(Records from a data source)
┏━━

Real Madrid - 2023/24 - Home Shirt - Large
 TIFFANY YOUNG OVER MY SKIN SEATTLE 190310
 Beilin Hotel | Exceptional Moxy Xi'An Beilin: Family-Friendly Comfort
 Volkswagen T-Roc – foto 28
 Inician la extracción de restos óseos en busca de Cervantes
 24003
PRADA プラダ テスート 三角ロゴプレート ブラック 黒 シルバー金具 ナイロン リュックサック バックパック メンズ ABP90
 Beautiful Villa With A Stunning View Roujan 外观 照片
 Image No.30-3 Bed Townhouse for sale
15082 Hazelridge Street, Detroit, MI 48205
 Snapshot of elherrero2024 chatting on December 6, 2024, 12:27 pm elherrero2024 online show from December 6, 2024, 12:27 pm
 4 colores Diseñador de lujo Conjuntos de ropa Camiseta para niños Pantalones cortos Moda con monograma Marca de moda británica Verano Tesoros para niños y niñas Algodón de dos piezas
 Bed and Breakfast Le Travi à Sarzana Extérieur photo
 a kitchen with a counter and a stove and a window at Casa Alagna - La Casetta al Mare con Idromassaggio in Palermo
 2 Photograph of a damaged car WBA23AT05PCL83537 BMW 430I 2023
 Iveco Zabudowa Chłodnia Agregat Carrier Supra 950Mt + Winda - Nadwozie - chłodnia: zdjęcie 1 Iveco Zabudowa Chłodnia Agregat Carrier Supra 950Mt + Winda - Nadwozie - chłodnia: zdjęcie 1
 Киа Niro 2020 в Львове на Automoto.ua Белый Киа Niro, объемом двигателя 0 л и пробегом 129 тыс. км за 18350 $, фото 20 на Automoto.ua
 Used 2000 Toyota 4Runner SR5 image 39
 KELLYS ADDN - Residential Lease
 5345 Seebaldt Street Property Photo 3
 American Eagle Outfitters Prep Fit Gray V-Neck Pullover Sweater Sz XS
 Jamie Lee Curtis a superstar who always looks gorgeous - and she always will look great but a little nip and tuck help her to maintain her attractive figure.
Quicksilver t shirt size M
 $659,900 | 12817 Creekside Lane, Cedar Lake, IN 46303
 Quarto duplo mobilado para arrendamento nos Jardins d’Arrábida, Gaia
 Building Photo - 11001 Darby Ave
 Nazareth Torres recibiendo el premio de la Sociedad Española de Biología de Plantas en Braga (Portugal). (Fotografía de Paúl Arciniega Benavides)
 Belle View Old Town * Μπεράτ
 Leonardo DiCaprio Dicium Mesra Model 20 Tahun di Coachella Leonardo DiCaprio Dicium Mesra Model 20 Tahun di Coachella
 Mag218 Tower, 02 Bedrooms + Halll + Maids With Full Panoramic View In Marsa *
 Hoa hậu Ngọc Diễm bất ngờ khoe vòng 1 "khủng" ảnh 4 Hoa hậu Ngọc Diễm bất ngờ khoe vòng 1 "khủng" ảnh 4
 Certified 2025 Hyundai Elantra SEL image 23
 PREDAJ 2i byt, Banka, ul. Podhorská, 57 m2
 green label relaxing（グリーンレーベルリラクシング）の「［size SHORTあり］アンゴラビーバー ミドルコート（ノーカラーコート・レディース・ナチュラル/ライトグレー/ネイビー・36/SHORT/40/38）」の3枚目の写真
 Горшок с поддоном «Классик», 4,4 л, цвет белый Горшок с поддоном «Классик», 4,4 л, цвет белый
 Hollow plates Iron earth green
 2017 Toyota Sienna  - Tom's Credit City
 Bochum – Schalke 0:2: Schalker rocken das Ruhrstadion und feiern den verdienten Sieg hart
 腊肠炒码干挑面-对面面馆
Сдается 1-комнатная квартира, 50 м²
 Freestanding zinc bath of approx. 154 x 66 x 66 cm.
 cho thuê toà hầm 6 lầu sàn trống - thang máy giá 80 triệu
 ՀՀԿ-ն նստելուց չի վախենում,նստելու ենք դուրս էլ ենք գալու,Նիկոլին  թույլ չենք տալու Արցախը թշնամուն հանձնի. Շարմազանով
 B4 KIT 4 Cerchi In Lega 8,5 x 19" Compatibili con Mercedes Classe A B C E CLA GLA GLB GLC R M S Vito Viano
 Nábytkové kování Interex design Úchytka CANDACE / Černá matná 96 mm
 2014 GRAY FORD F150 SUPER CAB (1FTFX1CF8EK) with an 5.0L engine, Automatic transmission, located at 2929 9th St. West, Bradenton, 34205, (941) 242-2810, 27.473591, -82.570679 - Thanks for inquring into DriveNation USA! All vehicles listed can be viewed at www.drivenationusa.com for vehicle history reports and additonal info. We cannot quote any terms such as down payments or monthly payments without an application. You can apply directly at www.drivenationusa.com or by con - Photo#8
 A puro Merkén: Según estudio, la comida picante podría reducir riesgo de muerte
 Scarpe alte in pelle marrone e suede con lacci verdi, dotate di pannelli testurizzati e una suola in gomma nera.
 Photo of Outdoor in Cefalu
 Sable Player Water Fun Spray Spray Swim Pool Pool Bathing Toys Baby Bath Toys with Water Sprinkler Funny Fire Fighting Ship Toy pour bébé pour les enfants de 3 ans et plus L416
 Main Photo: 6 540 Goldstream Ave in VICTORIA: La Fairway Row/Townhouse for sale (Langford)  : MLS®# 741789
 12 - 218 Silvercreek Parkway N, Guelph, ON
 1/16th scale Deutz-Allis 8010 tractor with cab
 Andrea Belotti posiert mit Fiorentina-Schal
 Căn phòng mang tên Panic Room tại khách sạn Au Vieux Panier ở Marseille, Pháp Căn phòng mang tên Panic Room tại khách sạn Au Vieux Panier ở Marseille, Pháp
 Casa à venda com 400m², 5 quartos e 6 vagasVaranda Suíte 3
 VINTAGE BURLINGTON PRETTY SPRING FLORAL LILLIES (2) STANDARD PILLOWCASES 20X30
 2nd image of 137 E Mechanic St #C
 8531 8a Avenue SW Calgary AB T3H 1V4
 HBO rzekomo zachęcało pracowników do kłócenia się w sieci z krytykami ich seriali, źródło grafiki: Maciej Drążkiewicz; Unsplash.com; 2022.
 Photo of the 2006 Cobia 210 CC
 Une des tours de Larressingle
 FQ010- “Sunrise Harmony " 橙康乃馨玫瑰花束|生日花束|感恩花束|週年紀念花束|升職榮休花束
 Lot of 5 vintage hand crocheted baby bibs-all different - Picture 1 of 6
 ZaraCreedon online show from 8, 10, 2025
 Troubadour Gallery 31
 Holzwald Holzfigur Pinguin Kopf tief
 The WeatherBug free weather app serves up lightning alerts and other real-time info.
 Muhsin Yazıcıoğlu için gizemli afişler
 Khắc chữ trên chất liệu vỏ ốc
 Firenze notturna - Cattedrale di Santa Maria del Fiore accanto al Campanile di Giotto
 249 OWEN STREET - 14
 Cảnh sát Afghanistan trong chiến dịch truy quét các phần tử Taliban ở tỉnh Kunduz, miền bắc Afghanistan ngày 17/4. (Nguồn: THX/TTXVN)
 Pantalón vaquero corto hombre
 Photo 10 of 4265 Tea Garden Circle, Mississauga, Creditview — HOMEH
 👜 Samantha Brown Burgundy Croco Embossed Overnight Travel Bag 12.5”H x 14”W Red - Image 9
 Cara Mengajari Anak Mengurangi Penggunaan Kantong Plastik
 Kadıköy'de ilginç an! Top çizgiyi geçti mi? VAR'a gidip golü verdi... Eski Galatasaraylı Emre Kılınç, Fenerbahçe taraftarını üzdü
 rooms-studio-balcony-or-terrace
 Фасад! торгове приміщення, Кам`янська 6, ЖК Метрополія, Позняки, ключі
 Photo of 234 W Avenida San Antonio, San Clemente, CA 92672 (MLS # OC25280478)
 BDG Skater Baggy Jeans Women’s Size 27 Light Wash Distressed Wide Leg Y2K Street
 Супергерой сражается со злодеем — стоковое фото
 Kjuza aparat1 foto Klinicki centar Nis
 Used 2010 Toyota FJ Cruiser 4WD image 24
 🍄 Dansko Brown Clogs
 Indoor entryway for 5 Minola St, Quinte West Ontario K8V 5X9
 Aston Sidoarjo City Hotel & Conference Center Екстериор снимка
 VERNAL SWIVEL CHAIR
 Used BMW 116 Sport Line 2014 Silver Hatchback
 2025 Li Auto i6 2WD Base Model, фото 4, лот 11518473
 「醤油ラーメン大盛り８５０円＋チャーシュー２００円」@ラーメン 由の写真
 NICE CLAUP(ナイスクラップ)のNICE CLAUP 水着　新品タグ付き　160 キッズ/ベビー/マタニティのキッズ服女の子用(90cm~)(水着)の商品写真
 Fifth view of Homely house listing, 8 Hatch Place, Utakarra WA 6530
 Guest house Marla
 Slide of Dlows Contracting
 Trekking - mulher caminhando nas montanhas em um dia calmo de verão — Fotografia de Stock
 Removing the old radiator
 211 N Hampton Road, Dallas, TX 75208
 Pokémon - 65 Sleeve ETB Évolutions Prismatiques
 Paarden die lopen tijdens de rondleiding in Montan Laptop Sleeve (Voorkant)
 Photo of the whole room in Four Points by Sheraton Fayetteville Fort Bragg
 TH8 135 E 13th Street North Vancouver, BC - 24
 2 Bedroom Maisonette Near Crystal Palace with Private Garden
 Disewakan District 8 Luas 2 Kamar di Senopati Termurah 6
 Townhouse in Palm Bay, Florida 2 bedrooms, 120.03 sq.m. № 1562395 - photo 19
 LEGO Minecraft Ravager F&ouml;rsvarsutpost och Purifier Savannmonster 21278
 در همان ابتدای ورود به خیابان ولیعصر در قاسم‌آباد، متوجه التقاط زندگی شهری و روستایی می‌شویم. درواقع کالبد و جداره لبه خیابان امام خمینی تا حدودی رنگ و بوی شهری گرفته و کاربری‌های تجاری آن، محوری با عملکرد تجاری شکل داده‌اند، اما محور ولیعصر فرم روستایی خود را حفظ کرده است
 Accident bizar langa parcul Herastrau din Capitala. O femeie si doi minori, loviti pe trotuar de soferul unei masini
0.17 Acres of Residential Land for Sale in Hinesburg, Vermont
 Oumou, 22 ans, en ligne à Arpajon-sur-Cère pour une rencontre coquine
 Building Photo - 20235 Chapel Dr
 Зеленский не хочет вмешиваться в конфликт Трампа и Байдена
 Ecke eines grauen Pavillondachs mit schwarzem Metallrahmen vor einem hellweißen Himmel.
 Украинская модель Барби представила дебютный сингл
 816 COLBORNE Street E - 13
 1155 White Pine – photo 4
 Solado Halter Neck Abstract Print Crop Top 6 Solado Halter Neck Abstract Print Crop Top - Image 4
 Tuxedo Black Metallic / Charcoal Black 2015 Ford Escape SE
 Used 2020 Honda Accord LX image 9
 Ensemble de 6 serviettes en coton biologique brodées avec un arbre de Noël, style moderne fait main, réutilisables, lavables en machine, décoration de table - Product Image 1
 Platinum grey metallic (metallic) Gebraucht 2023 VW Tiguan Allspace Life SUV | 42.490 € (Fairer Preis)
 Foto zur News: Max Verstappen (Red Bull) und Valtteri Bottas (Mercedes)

┗━━

■ WORK ITEM
Look above for the line with "KELLYS ADDN - Residential Lease" and the line with "Quarto duplo mobilado". Write out those two lines and all the lines between them, exactly, and no others.

■ RESULT OF THE TASK
 KELLYS ADDN - Residential Lease
 5345 Seebaldt Street Property Photo 3
 American Eagle Outfitters Prep Fit Gray V-Neck Pullover Sweater Sz XS
 Jamie Lee Curtis a superstar who always looks gorgeous - and she always will look great but a little nip and tuck help her to maintain her attractive figure.
Quicksilver t shirt size M
 $659,900 | 12817 Creekside Lane, Cedar Lake, IN 46303
 Quarto duplo mobilado para arrendamento nos Jardins d’Arrábida, Gaia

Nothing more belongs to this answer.